**Instructions for the task**
Please set down only the lines below starting with the line with "Прогон ПР 90-4.7-4" and going on through the line with "IS61LV25616-10K Datasheet PDF", verbatim and without pictures.

**Data records**
Segment Open

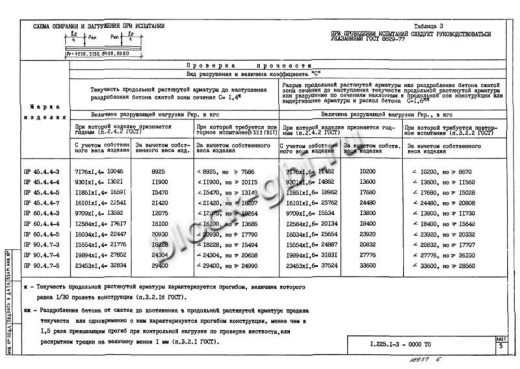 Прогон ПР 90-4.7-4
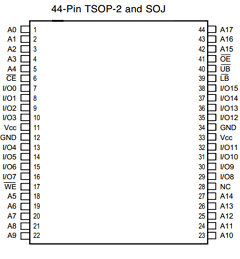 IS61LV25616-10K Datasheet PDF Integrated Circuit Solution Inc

Segment Closed
Segment Open

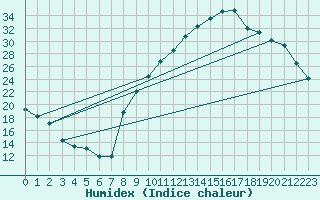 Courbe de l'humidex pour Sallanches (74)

Segment Closed

**Solution below**
 Прогон ПР 90-4.7-4
 IS61LV25616-10K Datasheet PDF Integrated Circuit Solution Inc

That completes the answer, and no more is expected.